Behavioural science suggests at least two ways.
The first is interactivity. As for the choice of mortgage amount mentioned above, a decision tool must elicit a reaction from the user, for instance in the form of sliding a ruler or clicking an option. The added benefit of this interactivity is that it is likely to improve the motivation of a decision maker to engage throughout a task which might be cognitively demanding. Even physically tiring activities like jumping up to touch a wall become easier to complete when – upon jumping – a touchpad on the wall emits a sound (Hsee, Yang, & Ruan, 2015). This ‘mere reaction’ effect is capitalized by interactive decision aids.
The second is its adaptivity to the numerical or fluency skills of the decision. Low numeracy can challenge understanding and use of numerical information, as Peters’ programme of research has been showing. Our research found that a way around the challenges of aiding decision makers who are low in numeracy is to capitalize on another strength they might have – fluency with words. A tool that asks about preferences in a verbal form is liked more and found more helpful than one that asks about preferences in a numerical form (Fasolo and Bana Costa 2014).
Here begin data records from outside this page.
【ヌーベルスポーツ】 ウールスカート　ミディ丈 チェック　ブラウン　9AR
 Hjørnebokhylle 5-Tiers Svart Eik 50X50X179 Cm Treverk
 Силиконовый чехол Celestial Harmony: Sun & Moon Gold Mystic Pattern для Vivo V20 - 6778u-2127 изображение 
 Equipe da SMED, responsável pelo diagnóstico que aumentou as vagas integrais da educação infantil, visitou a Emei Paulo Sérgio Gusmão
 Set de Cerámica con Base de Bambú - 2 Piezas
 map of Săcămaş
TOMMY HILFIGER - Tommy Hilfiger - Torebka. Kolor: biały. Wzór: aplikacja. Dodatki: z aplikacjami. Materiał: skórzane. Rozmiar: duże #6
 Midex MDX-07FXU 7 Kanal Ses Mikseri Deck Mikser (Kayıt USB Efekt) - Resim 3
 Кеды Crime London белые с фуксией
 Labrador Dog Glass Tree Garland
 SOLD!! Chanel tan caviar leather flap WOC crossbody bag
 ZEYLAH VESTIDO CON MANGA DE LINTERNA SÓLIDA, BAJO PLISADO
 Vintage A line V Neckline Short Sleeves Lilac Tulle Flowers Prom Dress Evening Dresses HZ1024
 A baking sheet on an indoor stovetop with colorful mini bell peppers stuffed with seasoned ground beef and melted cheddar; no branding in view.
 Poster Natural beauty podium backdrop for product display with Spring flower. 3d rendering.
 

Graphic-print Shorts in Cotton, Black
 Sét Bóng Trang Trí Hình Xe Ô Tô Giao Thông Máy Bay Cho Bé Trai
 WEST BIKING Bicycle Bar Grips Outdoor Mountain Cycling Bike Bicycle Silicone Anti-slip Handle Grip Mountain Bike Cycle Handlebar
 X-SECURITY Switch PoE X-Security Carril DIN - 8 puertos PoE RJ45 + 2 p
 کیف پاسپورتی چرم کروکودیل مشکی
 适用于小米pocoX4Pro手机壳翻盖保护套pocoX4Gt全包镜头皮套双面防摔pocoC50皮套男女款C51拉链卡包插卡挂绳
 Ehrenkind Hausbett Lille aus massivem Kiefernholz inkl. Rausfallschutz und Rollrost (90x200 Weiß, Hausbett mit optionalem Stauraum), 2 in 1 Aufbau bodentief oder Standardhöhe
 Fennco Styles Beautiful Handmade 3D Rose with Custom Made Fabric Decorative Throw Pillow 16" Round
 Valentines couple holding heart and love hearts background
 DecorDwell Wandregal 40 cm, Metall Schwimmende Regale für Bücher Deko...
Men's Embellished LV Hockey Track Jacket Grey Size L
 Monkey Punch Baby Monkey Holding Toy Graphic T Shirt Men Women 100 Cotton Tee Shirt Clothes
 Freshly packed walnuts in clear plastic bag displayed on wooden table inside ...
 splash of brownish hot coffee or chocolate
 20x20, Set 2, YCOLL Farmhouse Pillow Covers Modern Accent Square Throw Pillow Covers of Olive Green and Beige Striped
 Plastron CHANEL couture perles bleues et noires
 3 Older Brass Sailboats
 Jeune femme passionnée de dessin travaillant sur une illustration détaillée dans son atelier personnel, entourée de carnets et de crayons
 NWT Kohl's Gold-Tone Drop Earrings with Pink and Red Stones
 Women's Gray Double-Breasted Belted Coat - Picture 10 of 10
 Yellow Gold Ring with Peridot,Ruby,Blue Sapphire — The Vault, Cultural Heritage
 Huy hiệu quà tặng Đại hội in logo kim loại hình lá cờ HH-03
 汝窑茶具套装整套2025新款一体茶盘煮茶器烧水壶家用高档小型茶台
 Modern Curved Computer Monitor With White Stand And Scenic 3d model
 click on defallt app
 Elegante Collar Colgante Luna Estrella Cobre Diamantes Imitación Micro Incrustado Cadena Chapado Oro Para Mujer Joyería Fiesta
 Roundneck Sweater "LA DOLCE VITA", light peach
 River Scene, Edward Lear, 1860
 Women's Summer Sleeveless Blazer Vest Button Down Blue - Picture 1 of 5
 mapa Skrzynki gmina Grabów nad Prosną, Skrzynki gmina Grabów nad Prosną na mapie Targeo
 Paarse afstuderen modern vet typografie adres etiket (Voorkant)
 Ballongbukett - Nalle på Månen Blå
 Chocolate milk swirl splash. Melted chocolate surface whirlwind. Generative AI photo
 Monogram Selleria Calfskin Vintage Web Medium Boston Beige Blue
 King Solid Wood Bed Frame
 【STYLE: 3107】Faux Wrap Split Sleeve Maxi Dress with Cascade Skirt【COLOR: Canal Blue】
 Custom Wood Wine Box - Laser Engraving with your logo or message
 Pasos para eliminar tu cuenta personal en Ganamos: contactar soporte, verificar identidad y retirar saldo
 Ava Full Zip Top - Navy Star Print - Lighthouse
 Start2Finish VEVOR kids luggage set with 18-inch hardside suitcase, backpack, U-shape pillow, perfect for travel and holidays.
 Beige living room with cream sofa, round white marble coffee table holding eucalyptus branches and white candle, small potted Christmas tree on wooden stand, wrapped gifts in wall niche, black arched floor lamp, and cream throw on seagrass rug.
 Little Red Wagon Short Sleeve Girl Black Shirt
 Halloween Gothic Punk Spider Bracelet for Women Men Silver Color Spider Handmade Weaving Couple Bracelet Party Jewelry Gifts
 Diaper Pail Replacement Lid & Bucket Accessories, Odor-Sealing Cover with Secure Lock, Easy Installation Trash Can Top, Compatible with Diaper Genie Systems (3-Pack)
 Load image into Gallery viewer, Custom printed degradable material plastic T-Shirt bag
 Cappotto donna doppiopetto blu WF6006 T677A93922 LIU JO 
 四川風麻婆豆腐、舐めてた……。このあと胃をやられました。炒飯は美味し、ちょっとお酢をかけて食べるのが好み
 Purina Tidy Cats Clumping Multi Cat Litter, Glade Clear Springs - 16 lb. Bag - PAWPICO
Achieving the right mix of interactivity, adaptivity and simple information is not trivial, and requires careful experimentation because any feature present on a screen can unintendedly influence decision making (Shen and Hsee, 2017). But this research is well worth it. Decision-capability-provoking apps and aids could well be our only resort for reaching and helping many decision makers we care about, such as people living in disadvantaged areas where no education programme can be offered to all households, but access to a smart device can. Decision-capability-provoking tools can also offer opportunities to grow decision literacy among the digital natives – for instance the children and teenagers who have a natural way with screens and digital platforms, and are fortunate to have access to them, at school or home.
Rethinking the purpose of a decision aid in our digital age gives us the chance to rethink also the concept of “decision capability”. Decision capability, as we see it, is the ability to make effective decisions appropriate to the context, when relevant structures, processes and tools are employed by the decision makers (Ni & Fasolo 2017). Fortunately, what distinguishes us from non-human animals is the innate ability to utilize tools – and this has accelerated in the digital age.
Let’s not miss the chance that this digital age, more than any previous time, gives us: to design, to use and to disseminate tools that provoke decision capability.
Boyce, T., Dixon, A., Fasolo, B. and Reutskaja, E. (2010). Choosing a high-quality hospital: the role of nudges, scorecard design and information. The King’s Fund, London, UK. ISBN 9781857176032.
Edwards, W and Fasolo, B (2001). Decision technology. Annual Review of Psychology, 52. 581-606.
Fasolo, B and Bana-Costa, C (2014). Tailoring value elicitation to decision makers’ numeracy and fluency: expressing value judgments in numbers or words. Omega: The International Journal of Management Science, 44. pp. 83-90.
Hsee, C. K., Yang, Y., & Ruan, B. (2015). The mere reaction effect: Even non-positive and non-informative reactions can reinforce actions. Journal of Consumer Research, 42(3), 420-43.
Shen, L. & Hsee, C. K. (2017). Numerical nudging with an accelerating nonsense number. Psychological Science.
Ni, Z. and Fasolo, B. (2017). Decision Capability. LSE Working Paper 13.155.